Inmate breaks Record: Illinois’ longest serving inmate was unanimously denied parole earlier today by the Illinois Prisoner Review Board. William Heirens plead guilty to killing two women in 1946 and strangling to death a 6-year-old girl, who afterwards was dismembered. Heirens, who was charged with 3 back-to-back life term sentences, has spent more that 60 years in prison, setting a new record for longest serving inmate in history. Although Heirens attorney has stressed he should be released because of failing health, the victims’ families say they live in fear of him being released one day. The story reported by Michael Higgins with the Chicago Tribune, indicates that Gov. Ryan denied Heirens clemency back in 2002.

News Scan

Shortsighted on Judges is the title of this National Journal article by Stuart Taylor. He contends that the Democrats' blocking of the nomination of the well-qualified Leslie Southwick for the Fifth Circuit may backfire if and when their party gets the White House back. (Hat tip: How Appealing.)

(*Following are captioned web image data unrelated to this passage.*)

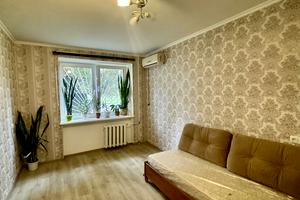 квартира за адресою Жоліо Кюрі вул., 32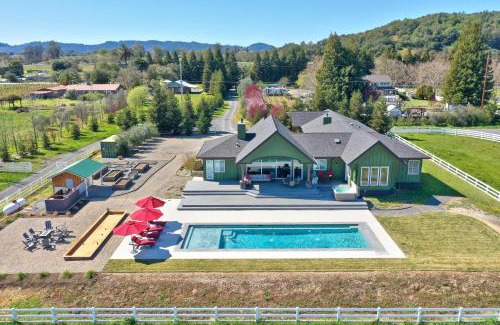 Healdsburg Villa | Sanctuary On Lytton Complimentary Wine Tasting At Croix Included!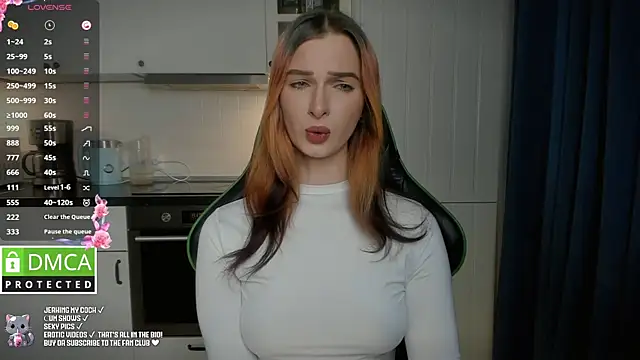 Snapshot of Lee_Loo chatting on 02-11-25, 02:24 Lee Loo online show from 02-11-25, 02:24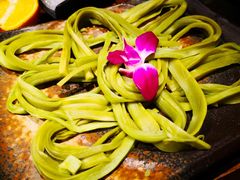 -老牌坊云南鱼豆花火锅(嵩山店)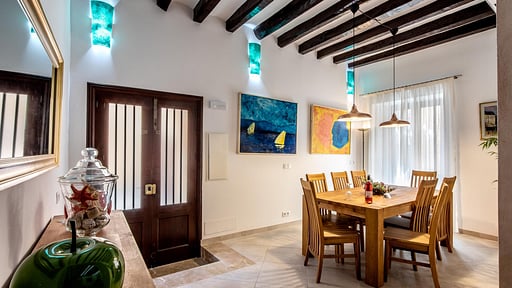 Taupe Townhouse Zona pranzo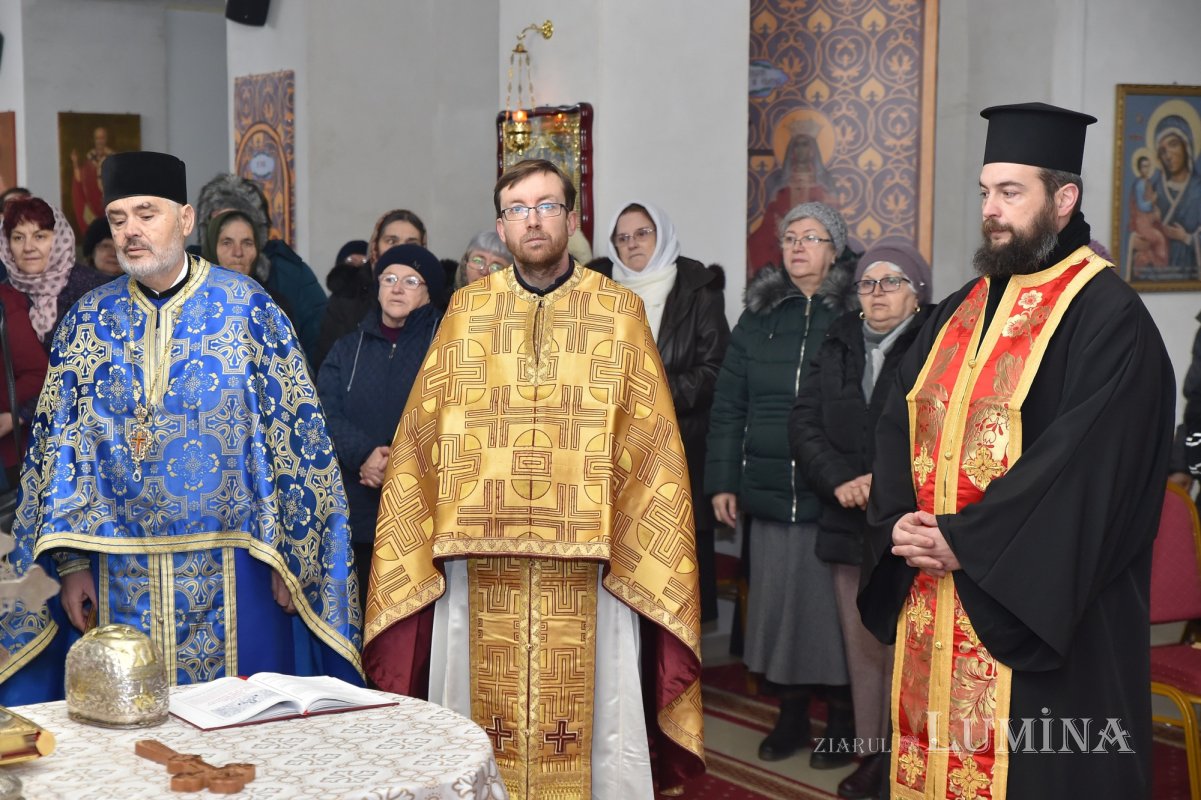 Binecuvântarea sfinților la Parohia Bărbătescu Vechi din Capitală 244458
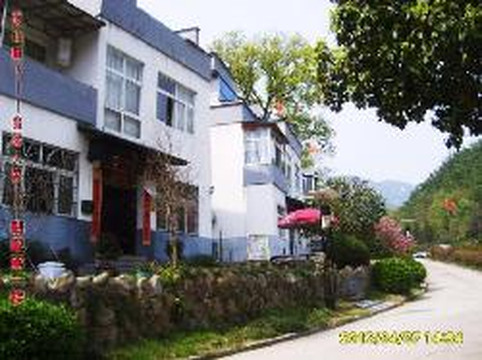 翡翠人家农家别墅主图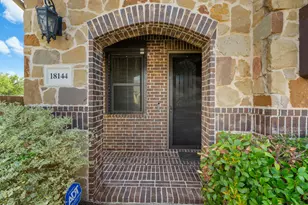 18144 Lakefront Ct, Forney, TX 75126 - Photo 5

Cutting inmate population in Missouri: A supervision center for qualified inmates is cutting down the amount of inmates in prison, while giving inmates a second chance. Inmates must serve 85% of their sentence under the new law, for those convicted of second-degree murder, rape, sodomy, kidnapping, first-degree assault, arson and first-degree robbery, reports Virginia Young and Tim O’Neil with the St. Louis Post-Dispatch. The center offers a program for qualified inmates leaving prison, but not quite ready for the real world, by providing them with transitional housing units. In the center, inmates are provided help in applying for jobs, writing resumes and given state issued identification cards. Non-violent offenders are offered employment workshops, drug treatment, and are given the opportunity to take a GED test to gain a high school diploma.

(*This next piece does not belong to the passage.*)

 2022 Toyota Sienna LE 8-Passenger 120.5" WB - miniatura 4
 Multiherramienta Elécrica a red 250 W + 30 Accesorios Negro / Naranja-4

New Sex offender laws in Florida: Tomorrow sex offenders in Florida will be required to obtain a new driver’s license or ID card that will have a special statute number printed on the front, indicating the offense. Effective October 1, 2007, offenders will have to register any e-mail addresses and/or instant message names with the Florida Department of Law Enforcement. Starting February 1, 2008 any offender or predator who has failed to obtain a new card will be charged with a third-degree felony. As reported in the Scripps Treasure Coast Newspaper “60% of boys and 80% of girls sexually victimized are abused by someone known to the child or his or her family.”